Assignment: Taped Lesson Redux

Some thoughts on my second videotaped attempt at teaching: I've got a bit more poise. Of course, it helped to be teaching a class of 4 adults rather than 20 7th-graders. Body language, speaking volume, movement around the room were all good and improved from last time. There were significant holes in that poise though, the most unpleasant and embarassing of which has to be all the stuttering and hesitation in my set. Jeez. I was more nervous playing the part of a teacher last week than I was actually teaching during summer school, so I'm willing to blame some of that awful stuttering on my poor acting abilities. It definitely wasn't easy asking questions of my peers as if they were middle-schoolers while being prepared for--even expecting--their appropriately grad-student level responses. But even still, it was horribly mortifying (wasn't this something I had gotten over, more or less?) to watch and couldn't have been easy for students to understand. The real deal in the fall may not feel contrived and intimidating for the same reasons, but I'll undoubtedly be nervous, especially when it comes time for my principal or anyone else to evaluate me.

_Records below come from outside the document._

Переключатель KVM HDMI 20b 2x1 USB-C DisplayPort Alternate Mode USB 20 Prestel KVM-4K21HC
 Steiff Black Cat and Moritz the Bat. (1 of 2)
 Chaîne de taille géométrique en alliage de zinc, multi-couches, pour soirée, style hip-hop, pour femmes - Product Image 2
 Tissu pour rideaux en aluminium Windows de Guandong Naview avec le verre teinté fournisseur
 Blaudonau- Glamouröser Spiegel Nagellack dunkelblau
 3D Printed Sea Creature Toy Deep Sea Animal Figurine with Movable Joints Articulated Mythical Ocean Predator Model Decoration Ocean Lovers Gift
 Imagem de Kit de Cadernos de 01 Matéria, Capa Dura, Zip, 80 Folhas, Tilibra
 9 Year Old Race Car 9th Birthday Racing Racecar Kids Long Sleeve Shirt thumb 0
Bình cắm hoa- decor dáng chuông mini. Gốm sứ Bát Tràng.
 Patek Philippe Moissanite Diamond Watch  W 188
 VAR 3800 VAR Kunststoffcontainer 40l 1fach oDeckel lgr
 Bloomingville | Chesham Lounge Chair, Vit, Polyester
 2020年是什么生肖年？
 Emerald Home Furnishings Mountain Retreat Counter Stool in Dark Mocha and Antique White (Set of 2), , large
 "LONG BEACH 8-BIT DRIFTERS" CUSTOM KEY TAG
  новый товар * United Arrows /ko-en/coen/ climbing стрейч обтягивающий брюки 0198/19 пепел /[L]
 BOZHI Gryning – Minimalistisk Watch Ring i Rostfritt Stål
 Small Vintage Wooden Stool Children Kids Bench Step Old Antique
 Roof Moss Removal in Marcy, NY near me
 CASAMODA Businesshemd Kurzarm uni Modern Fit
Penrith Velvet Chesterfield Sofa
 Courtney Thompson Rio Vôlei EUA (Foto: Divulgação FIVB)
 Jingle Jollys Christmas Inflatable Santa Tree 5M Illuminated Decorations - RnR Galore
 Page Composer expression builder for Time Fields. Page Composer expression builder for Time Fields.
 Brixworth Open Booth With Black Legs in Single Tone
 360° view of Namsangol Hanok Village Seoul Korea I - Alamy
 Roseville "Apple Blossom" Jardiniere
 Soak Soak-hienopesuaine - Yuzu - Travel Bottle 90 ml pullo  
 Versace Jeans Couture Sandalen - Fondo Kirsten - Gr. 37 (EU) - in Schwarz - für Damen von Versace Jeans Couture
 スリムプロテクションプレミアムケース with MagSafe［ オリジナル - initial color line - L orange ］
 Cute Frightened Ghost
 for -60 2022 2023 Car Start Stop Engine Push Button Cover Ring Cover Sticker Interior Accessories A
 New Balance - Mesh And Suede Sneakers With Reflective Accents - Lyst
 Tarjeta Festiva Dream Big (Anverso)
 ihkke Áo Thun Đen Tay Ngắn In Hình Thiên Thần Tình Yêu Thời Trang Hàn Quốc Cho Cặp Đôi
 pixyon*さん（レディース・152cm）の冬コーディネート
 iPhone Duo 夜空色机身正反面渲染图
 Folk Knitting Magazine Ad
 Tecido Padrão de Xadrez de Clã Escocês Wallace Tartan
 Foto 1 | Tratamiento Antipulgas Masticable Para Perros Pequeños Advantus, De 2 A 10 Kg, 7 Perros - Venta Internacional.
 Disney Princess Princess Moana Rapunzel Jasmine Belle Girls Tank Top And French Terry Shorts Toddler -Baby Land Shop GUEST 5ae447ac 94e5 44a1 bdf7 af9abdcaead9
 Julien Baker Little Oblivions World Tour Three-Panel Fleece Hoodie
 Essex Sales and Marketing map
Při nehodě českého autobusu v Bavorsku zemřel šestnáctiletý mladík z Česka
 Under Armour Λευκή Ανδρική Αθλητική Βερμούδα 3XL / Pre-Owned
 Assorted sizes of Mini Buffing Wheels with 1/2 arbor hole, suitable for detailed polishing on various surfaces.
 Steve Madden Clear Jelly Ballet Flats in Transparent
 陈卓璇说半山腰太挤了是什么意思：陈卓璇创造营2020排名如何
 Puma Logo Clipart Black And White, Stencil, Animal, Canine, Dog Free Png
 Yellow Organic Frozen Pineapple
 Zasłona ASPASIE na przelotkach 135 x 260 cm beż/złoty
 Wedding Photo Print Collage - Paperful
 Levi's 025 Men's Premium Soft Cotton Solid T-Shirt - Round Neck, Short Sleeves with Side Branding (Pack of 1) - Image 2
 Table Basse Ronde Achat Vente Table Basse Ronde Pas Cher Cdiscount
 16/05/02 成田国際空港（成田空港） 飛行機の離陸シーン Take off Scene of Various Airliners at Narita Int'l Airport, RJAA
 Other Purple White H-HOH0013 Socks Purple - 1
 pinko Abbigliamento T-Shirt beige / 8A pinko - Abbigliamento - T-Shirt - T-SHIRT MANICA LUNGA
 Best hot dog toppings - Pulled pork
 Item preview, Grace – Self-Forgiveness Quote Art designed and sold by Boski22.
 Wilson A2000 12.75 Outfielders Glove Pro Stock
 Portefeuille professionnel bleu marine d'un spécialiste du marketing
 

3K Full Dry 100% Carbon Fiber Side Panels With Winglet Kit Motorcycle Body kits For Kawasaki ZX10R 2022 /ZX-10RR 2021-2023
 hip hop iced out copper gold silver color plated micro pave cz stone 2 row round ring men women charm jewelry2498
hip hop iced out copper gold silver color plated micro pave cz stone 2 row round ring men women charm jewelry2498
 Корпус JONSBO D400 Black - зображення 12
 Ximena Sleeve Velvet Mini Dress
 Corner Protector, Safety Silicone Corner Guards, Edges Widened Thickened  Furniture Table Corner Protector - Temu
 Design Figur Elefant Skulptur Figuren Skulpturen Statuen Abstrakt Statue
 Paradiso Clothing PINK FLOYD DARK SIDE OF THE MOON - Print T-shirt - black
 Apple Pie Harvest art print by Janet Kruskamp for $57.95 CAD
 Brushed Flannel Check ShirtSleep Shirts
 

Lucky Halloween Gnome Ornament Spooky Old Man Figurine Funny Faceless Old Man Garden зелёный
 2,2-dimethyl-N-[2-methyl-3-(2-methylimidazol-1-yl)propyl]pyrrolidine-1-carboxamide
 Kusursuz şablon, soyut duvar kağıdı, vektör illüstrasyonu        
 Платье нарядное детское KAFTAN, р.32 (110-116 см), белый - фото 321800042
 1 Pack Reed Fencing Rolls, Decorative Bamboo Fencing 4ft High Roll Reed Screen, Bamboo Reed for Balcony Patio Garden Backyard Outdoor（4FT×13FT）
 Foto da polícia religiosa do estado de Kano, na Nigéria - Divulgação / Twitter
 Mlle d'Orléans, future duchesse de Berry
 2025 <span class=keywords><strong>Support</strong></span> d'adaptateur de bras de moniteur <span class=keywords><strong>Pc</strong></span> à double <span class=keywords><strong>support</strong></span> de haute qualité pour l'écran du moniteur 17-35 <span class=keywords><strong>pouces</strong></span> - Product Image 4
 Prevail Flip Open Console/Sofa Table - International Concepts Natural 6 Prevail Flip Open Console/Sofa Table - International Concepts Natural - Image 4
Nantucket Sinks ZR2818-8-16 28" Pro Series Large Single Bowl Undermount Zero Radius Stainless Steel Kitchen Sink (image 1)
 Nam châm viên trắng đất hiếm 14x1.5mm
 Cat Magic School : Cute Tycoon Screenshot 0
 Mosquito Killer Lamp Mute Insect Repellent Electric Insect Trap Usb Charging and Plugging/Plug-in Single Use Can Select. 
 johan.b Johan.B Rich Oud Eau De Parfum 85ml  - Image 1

In terms of positive measures I can take to avoid all this, better preparation and familiarity with my lesson plan can help. I sounded a lot better once the set was finished; my big problem seemed to be with not knowing the line of questioning I wanted to take. I'd struggle to form a question the right way, when I should really know beforehand (by heart) how I want the questions in my set to follow each other.

There were other things that I'm also concerned about: not being consistent and specific with student praise; getting stuck in a single questioning strategy, especially the order of student's name and question; sounding tentative in transitions and while introducing activities; and weak-sounding or nonexistent reminders of group procedures. Let's hope I can speak clearly enough to even begin working on those.

Thankfully, I'm pretty sure the rest of the week went better than that lesson looked. With proper reflection, improvement is pretty much unavoidable. And that's encouraging.